### Directions
Return all the entries exactly. No pictures.

****

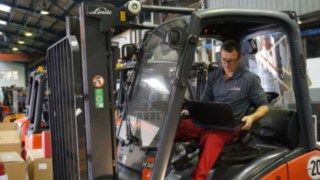 Techniker führt Inspektion eines Gebrauchtstaplers durch Techniker mit Laotop beim der Inspektion eines Staplers zur Aufbereitung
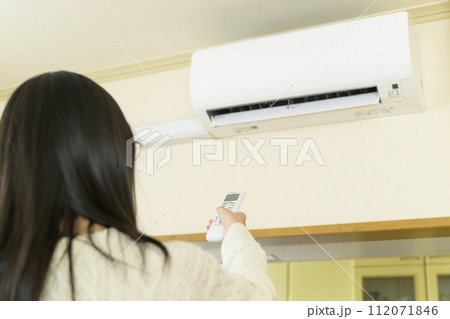 エアコンを操作する女性（リモコンにピント） 112071846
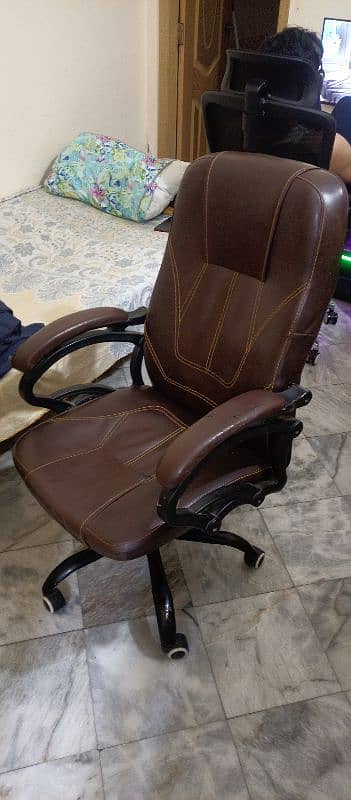 a revolving chair  in good condtion . reliable,soft with a high back. 5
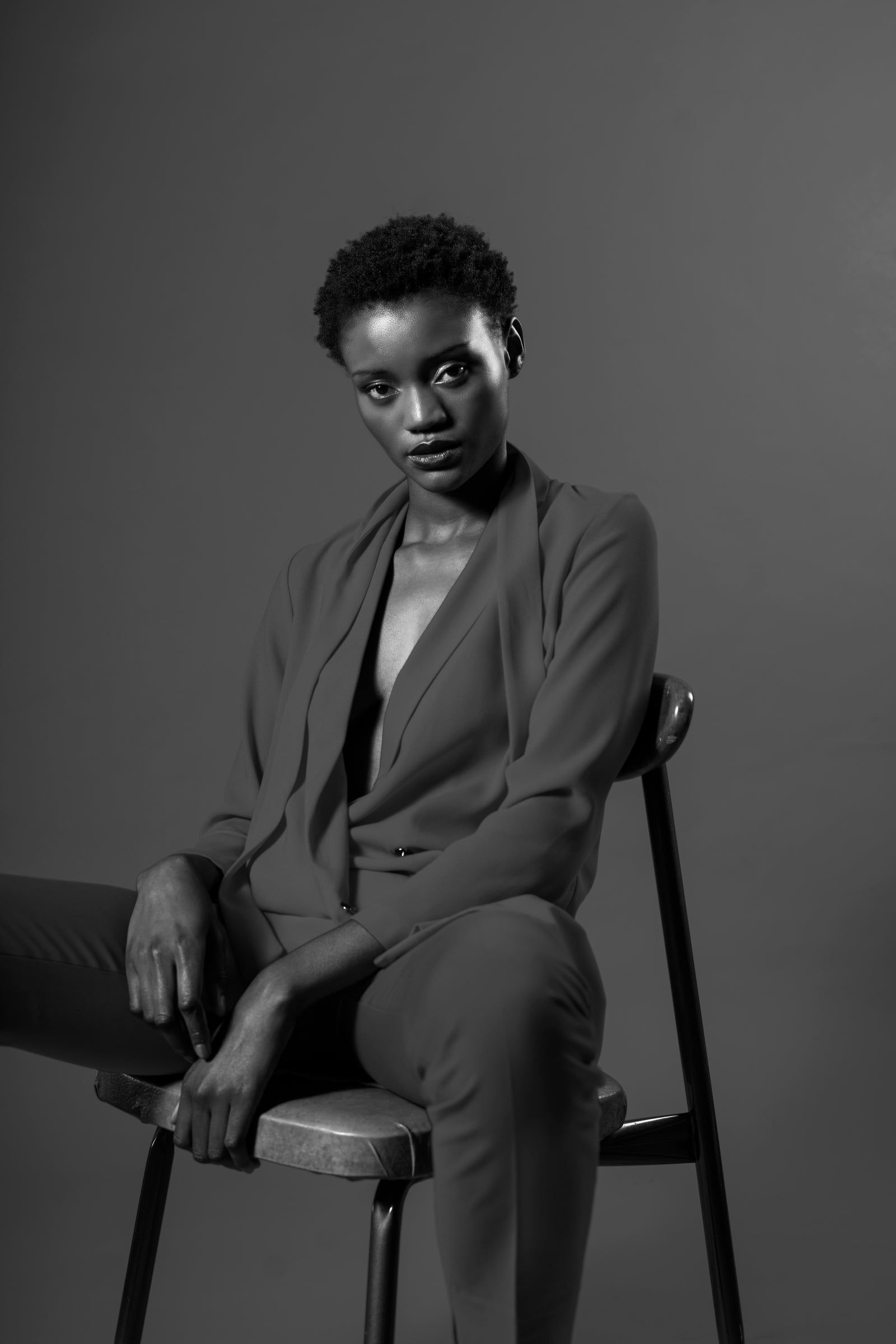 Femme en tailleur sombre assise, photo noir et blanc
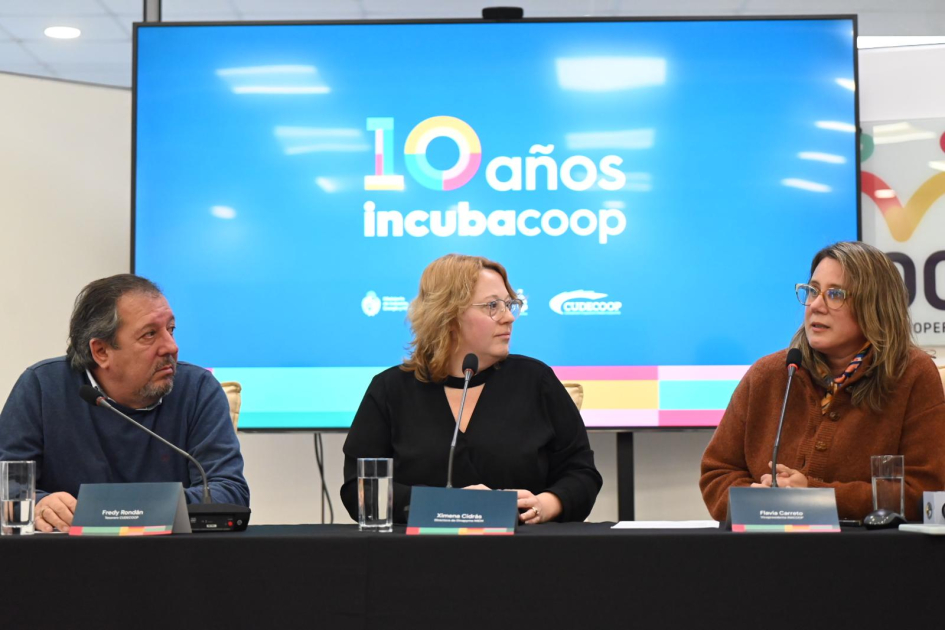 Autoridades en mesa En mesa Ximena Cidrás, Flavia Carreto y Fredy Rondán. Detrás, pantalla con imagen de Incubacoop
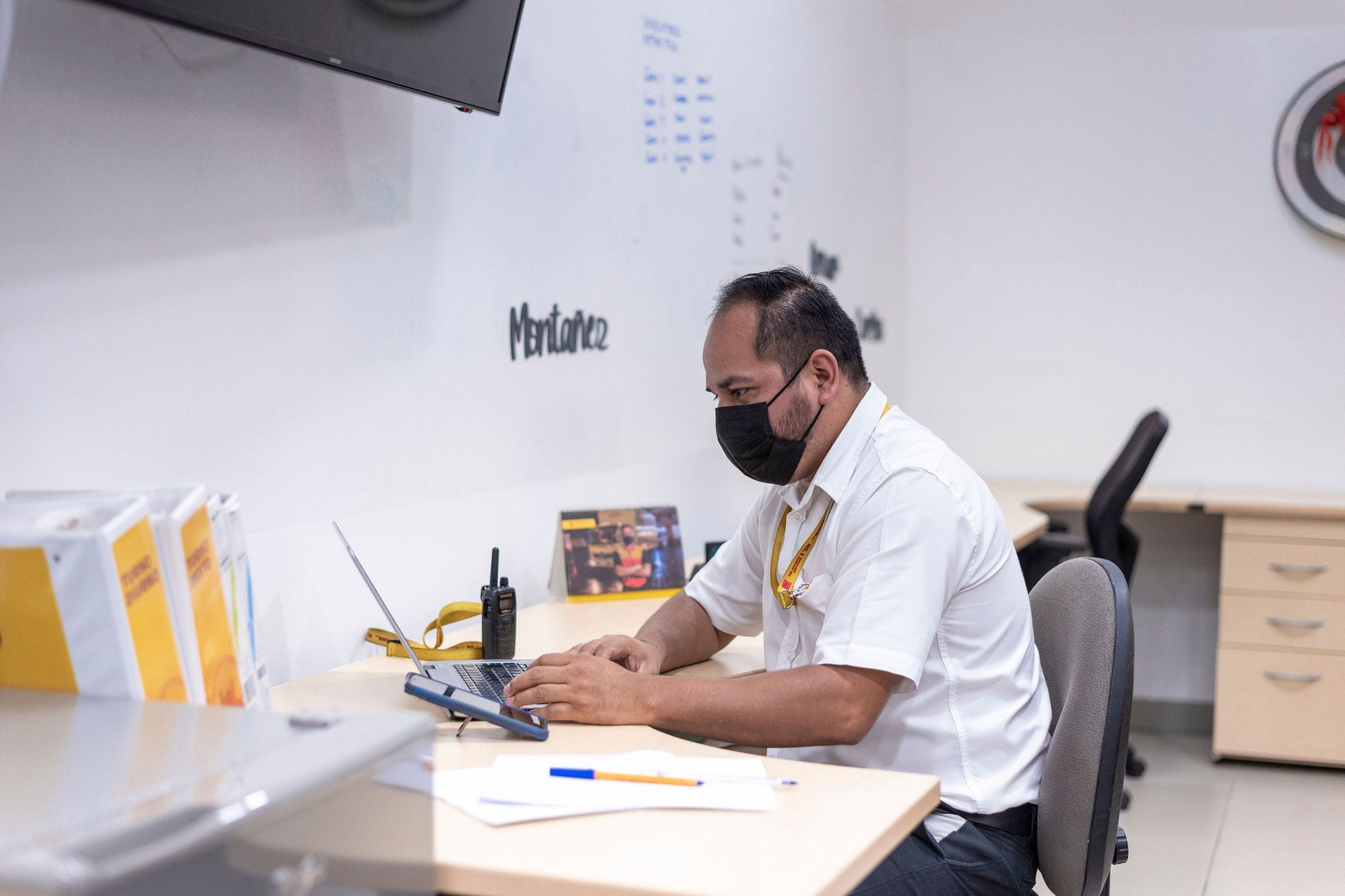 Man in an office writing an email on his computer at work.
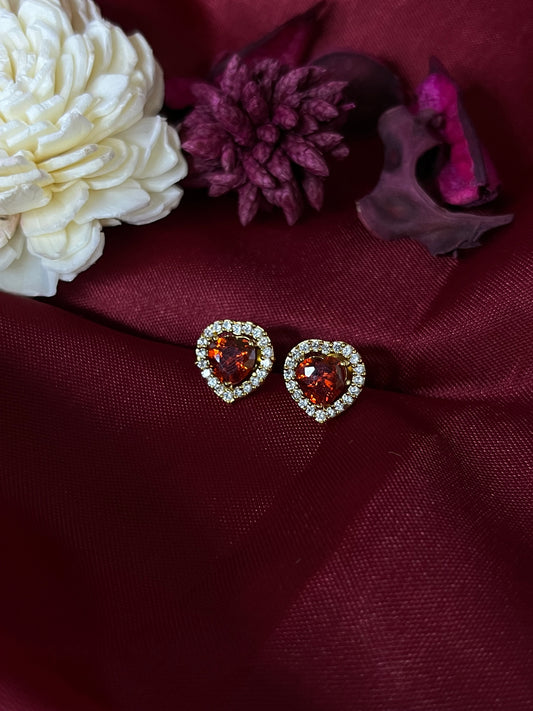 Heart-shaped earrings with red gemstones on a burgundy fabric background with flowers.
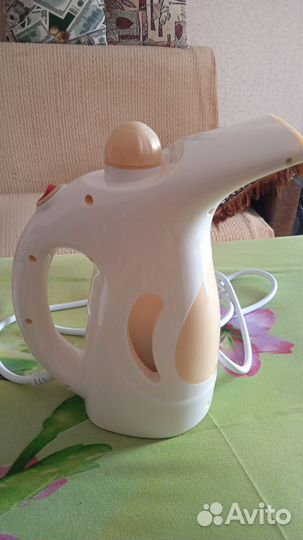 Ручной пароочиститель для одежды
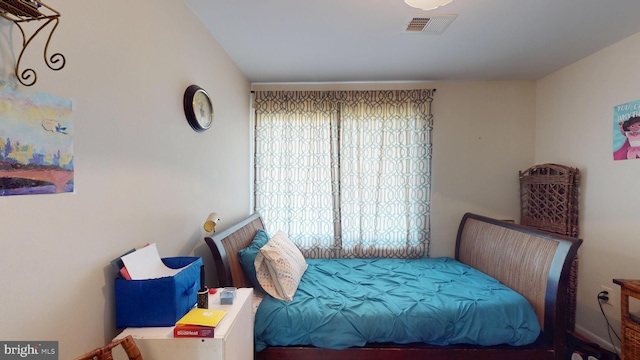 bedroom with multiple windows and visible vents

****

### Result for this exercise
 Techniker führt Inspektion eines Gebrauchtstaplers durch Techniker mit Laotop beim der Inspektion eines Staplers zur Aufbereitung
 エアコンを操作する女性（リモコンにピント） 112071846
 a revolving chair  in good condtion . reliable,soft with a high back. 5
 Femme en tailleur sombre assise, photo noir et blanc
 Autoridades en mesa En mesa Ximena Cidrás, Flavia Carreto y Fredy Rondán. Detrás, pantalla con imagen de Incubacoop
 Man in an office writing an email on his computer at work.
 Heart-shaped earrings with red gemstones on a burgundy fabric background with flowers.
 Ручной пароочиститель для одежды
 bedroom with multiple windows and visible vents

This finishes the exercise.